The gradient vector from minimizing the DQN objective needs to be large enough to cancel the default gravity toward the previous solution (the target network). If the online and target networks are close, the proximal update would behave similarly to the standard DQN update. But if the two networks are far apart, the proximal update can be significantly different from the DQN update, in that it would encourage closing the gap between the two networks. In our formulation, we can tune the degree of gravity exerted by the previous solution, with noisier updates requiring higher gravity.

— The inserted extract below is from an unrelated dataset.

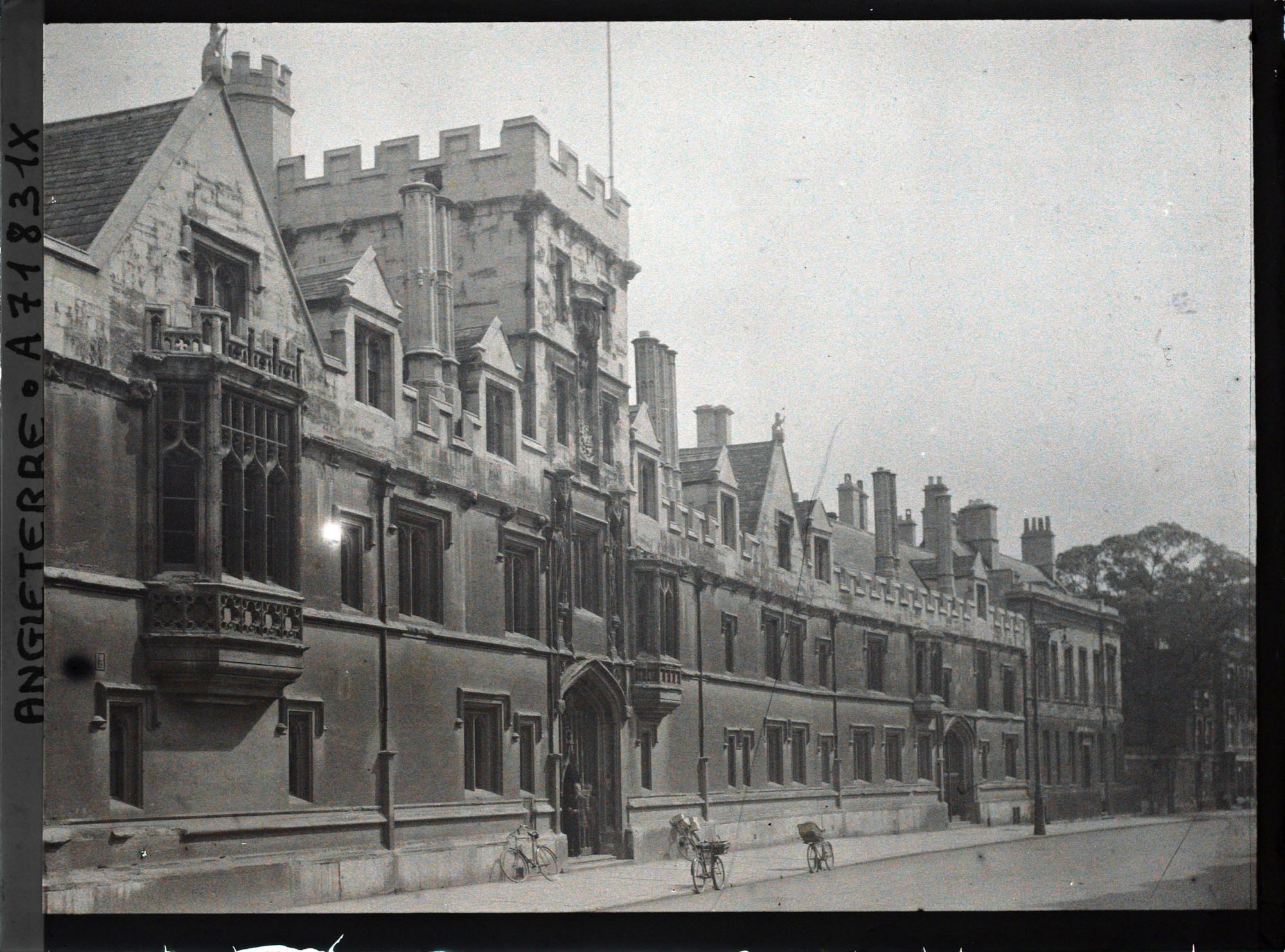 Image représentant Façade d'une université ?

While proximal updates lead to slower shifts in the neural-network parameters, they also lead to faster improvement at obtaining high rewards, the primary quantity of interest in RL. We show in our paper that this improvement applies to both the interim performance of the agent and its asymptotic. It also applies both in the context of planning with noise and in the context of learning on large-scale domains where the presence of noise is all but guaranteed.
To evaluate our approach in the learning setting, we added proximal updates to two standard RL algorithms: the DQN algorithm mentioned above and the more competitive Rainbow algorithm, which combines various existing algorithmic improvements in RL.

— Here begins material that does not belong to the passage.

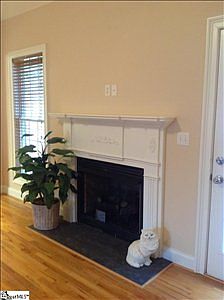 4th image of 2 Belle Terre Ct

We then tested the new algorithms, called DQN with Proximal updates (or DQN Pro) and Rainbow Pro on a standard set of 55 Atari games. We can see from the graph of the results that (1) the Pro agents overperform their counterparts; (2) the basic DQN agent is able to obtain human-level performance after 120 million interactions with the environment (frames); and (3) Rainbow Pro achieves a 40% relative improvement over the original Rainbow agent.

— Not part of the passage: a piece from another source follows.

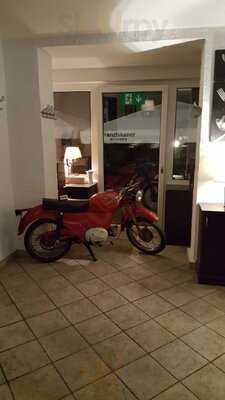 Grillo Trattoria & Vineria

Further, to ensure that proximal updates do in fact result in smoother and slower parameter changes, we measure the norm differences between consecutive DQN solutions. We expect the magnitude of our updates to be smaller when using proximal updates. In the graphs below, we confirm this expectation on the four different Atari games tested.
Overall, our empirical and theoretical results support the claim that when optimizing for a new solution in deep RL, it is beneficial for the optimizer to gravitate toward the previous solution. More importantly, we see that simple improvements in deep-RL optimization can lead to significant positive gains in the agent’s performance. We take this as evidence that further exploration of optimization algorithms in deep RL would be fruitful.
We have released the source code for our solution on GitHub.